By now you should know the numbers. Surveys show that people have not saved enough. And they are worried. According to PwC's 2016 Employee Financial Wellness Survey, 37 percent of those interviewed were worried that they would not be able to retire when they wanted. That survey tracks the financial well-being of full-time-employed U.S. adults nationwide.
Another survey, by the Indexed Annuity Leadership Council, says a quarter of Americans are worried about running out of money in retirement.
But the biggest regrets aren't always financial.
"Some folks say 'I wish I had enjoyed life a little more when I was working,' " says Aaron W. Smith at A.W. Smith Financial Group in Glen Allen, Va. "Now that they are older, their health is not allowing them to do some of the things they've always wanted to do in retirement."
As I've said many times before, retirement is hard, as is preparing for retirement. So here's some help from people who, for the most part, have done it. Not starting earlier.

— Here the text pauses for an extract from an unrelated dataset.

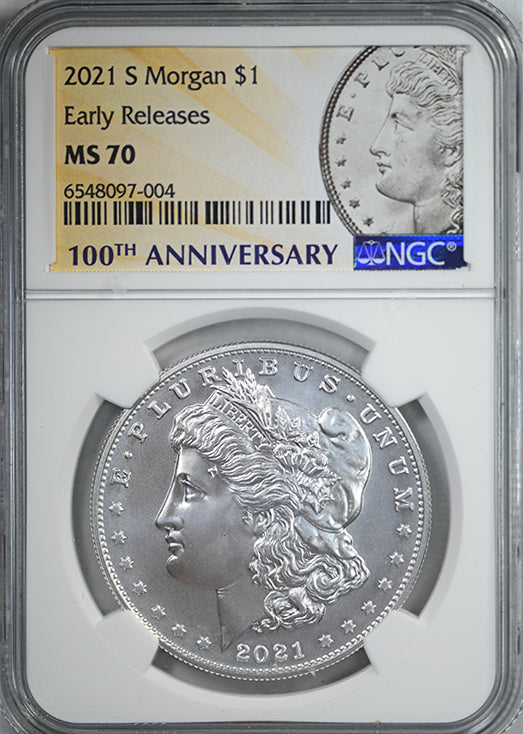 2021-S Morgan Dollar $1 NGC MS70 - Early Releases - 100th Anniversary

"People always talk about how they wish they would have started sooner, put more away," says Tim McGrath at Riverpoint Wealth Management in Chicago. "A lot of times, clients wish they would have gotten organized regarding finances. If they had done it earlier, they would have changed their habits."
Not retiring sooner.
This may surprise people, but it comes up with financial planners more often than you think.

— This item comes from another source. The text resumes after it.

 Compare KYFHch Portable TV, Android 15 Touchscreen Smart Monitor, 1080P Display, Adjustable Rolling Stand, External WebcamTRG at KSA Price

"My clients don't always retire when they say," says Ken Moraif, a senior adviser at Money Matters. "Faced with actually retiring, it is stressful. So they delay it. After they do [retire], they say, 'I don't know why I waited.' They endured at work a little longer than they needed to."
Kirk Cassidy, co-president of Senior Planning Advisors in Farmington Hills, Mich., says people work longer than they need to because they don't have a customized income plan. "They have regrets afterward when they find out they didn't need to," he says. "They were working for their children rather than themselves. Working did not change their quality of life. It only changed their children's quality of life in their death."

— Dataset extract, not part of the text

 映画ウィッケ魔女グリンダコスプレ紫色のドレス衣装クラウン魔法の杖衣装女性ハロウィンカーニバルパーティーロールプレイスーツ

Not getting help from a financial planner earlier.
"One of the biggest is 'I wish I had come to see you, or someone like you, years ago,' " Smith says. "I didn't come to see you because it wasn't important at that time. I was intimidated, or I was embarrassed at where I was."
"Another regret is they take advice from the people they love," he says. "We all do that. They wish they didn't get that advice from a friend or a co-worker."
Not making the right decisions for their surviving spouse.
Smith says clients often wish they had made better decision on their pension distributions. "That's a biggie," he says. "A lot of retirees, if they work for a government agency or corporation that offers a pension, and they're married, find we should have made a better decision with the pension."
Pensions offer a larger monthly benefit for a single-life benefit than they do with a survivor annuity. But the single-life benefit ends when the pensioner dies, leaving the surviving spouse without a benefit.
"Some of the folks who have taken the single-life benefit weren't in that great of health," Smith says. "But the loved one was in better health. It leaves the loved one without a pension for the remainder of their life."
Not considering taxes when making withdrawals from retirement accounts.
"Retirement planning, especially withdrawal, can be like a Rubik's Cube," Cassidy says. "You can solve the blue side, then you have a problem with the orange side. It can be complex. We want to make sure we take distributions from the right source at the right time at the right ages."
Not understanding when your strategy changes from saving to spending/withdrawal.
"When we are younger and accumulating wealth, we are making decisions in isolation," Cassidy says. "We are buying this mutual fund, buying this life insurance and taking Social Security at this time. We are making decisions in a vacuum as opposed to looking at it holistically. A holistic approach is not a one-size-fits-all retirement plan. Each one will be custom and individual, based on age, wealth, net worth, assets they have."